Inside NVIDIA and T-Mobile's AI-RAN Strategy for Telcos

NVIDIA and T-Mobile are working together to bring AI into telecoms infrastructure, teaming up with Nokia and a growing developer ecosystem to move physical AI applications onto distributed edge networks.
The partnership focuses on AI-RAN, where AI is built into the radio access network.
Using NVIDIA’s Metropolis platform, developers are deploying vision AI agents across environments such as cities and industrial sites, turning 5G infrastructure into a platform that supports AI workloads alongside connectivity.
At the hardware level, NVIDIA has introduced its AI-RAN portfolio. These applications include ARC-Pro built on RTX PRO 4500 Blackwell Server Edition for power-constrained cell sites, and RTX PRO 6000 Blackwell Server Edition for higher-capacity mobile switching offices. The systems allow telecoms infrastructure to process AI tasks at the edge, closer to where data is generated.
T-Mobile is piloting NVIDIA’s AI-RAN with Nokia’s anyRAN software. The telco demonstrates how cell sites and mobile switching offices handle distributed AI workloads while maintaining 5G performance.

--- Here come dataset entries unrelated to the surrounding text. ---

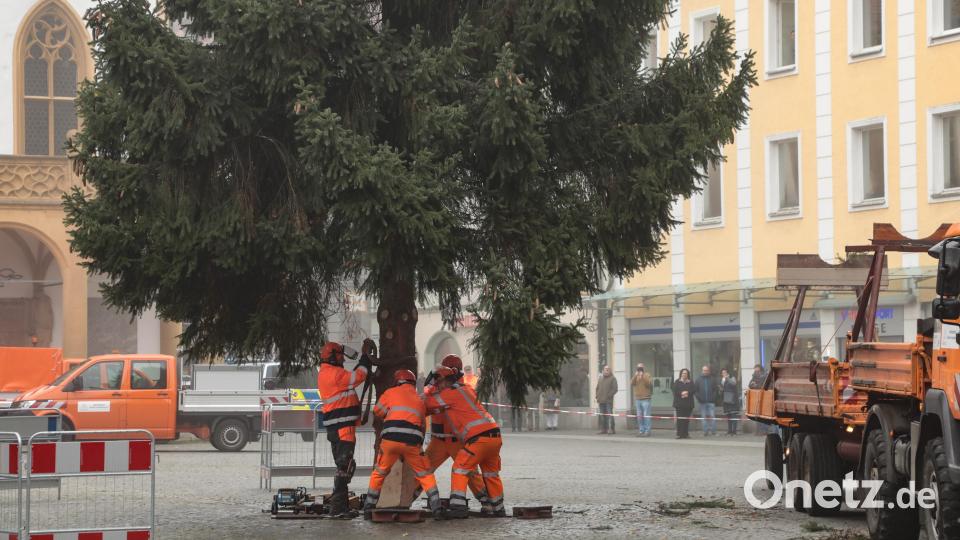 Der Weihnachtsbaum wird auf dem Marktplatz aufgestellt. Bild: Wolfgang Steinbacher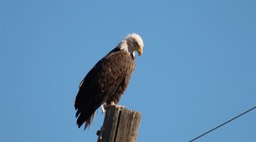 Eagle, Bald 2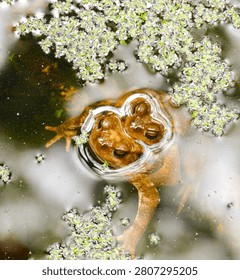 Two brown toads float together in pond water surrounded by tiny green duckweed plants. Amphibians surface among floating aquatic vegetation in close up view.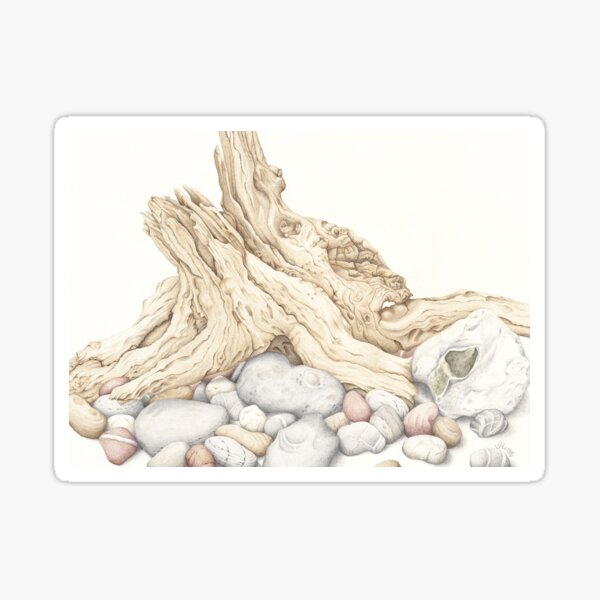 Driftwood and Pebbles Still Life Sticker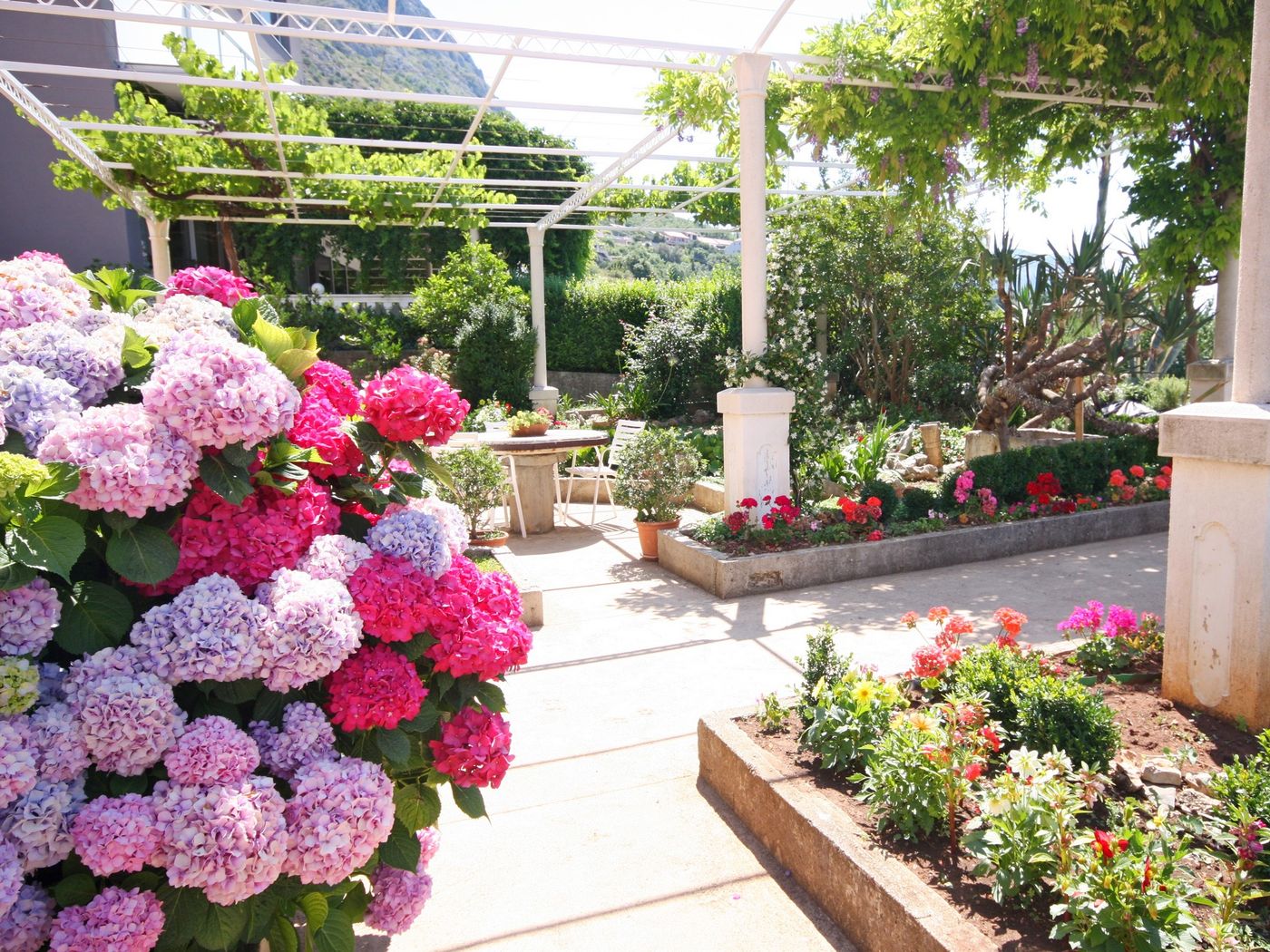 Apartments Cakelic-Croatia-MLINI-Lobby-8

“Telecommunication networks are evolving into the AI infrastructure enabling billions of devices – from vision AI agents to robots and autonomous vehicles – to see, hear and act in real time,” says Jensen Huang, Founder and CEO of NVIDIA.
“By turning the 5G network into a distributed AI computer with T-Mobile and Nokia, we’re creating a scalable blueprint for the world’s edge AI infrastructure.”
5G networks move into edge AI computing
The telecoms network is positioned as a distributed computing layer, extending beyond connectivity into processing and intelligence. This model addresses limitations in existing systems, particularly around latency which is critical for real-time applications.
T-Mobile’s 5G standalone network provides wide-area coverage and consistent service quality. This supports AI agents that require continuous, low-latency connections in environments ranging from urban intersections to remote industrial sites.
Srini Gopalan, Chief Executive Officer of T-Mobile, said: “Turning networks into distributed AI computing platforms to unlock the full potential of Physical AI will require ultra-low latency and space time coherency at the network edge for billions of endpoints, and that’s what we’ve built at T-Mobile.
“With the first nationwide 5G Standalone and 5G Advanced network, we are uniquely positioned to help power a future where intelligent systems don’t wait on the cloud but rely on intelligent networks that allow them to act in real time.”
Shifting compute workloads from devices to the network edge means operators reduce the need for complex hardware in endpoints such as cameras and robots. In practice, this allows large-scale deployment of AI systems while controlling costs and improving efficiency.
Developers test real-world telco AI use cases
A group of developers works with NVIDIA and T-Mobile to bring AI applications into live telco environments. These use cases rely on distributed edge infrastructure to process data in real time.
In smart city operations, companies including LinkerVision, Inchor and Voxelmaps test computer vision-based systems that monitor traffic and simulate conditions through digital twins. These tools aim to improve traffic flow and response times.
Utility inspection projects use 5G-connected drones and AI to monitor transmission lines. Companies such as Levatas and Skydio deploy systems that detect faults like corrosion or overheating, reducing inspection times and enabling predictive maintenance.
In facility management, Vaidio applies AI to video feeds, moving beyond basic sensors to detect threats and anticipate equipment failures. This creates automated workflows that improve operational efficiency.
Industrial safety is another focus. Fogsphere develops AI agents that monitor hazardous conditions in construction and energy environments, identifying risks such as unsafe worker positions or chemical spills in real time.
These deployments illustrate how telco networks support continuous AI operations without reliance on Wi-Fi, which often lacks the range and security required for industrial use.
Video intelligence expands across telecoms edge
NVIDIA is advancing its Metropolis Video Search and Summarisation, or VSS, blueprint. This framework allows AI systems to analyse large volumes of video data, a growing challenge as more than 1.5 billion cameras operate globally while only a small fraction of footage gets reviewed.
The VSS 3 blueprint introduces features such as agentic information retrieval, where AI systems break down natural language queries and search video content to identify specific events in seconds. Its modular design is efficient as it allows deployment across sectors without redesigning infrastructure, reducing costs.
Partners including Caterpillar, KION, Hitachi, HCLTech, Siemens Energy, Tulip and Telit Cinterion have adopted the blueprint to enhance safety and streamline operations.
For telco operators, these developments reinforce the role of 5G networks as platforms for both connectivity and computation, supporting a new layer of services built on distributed AI.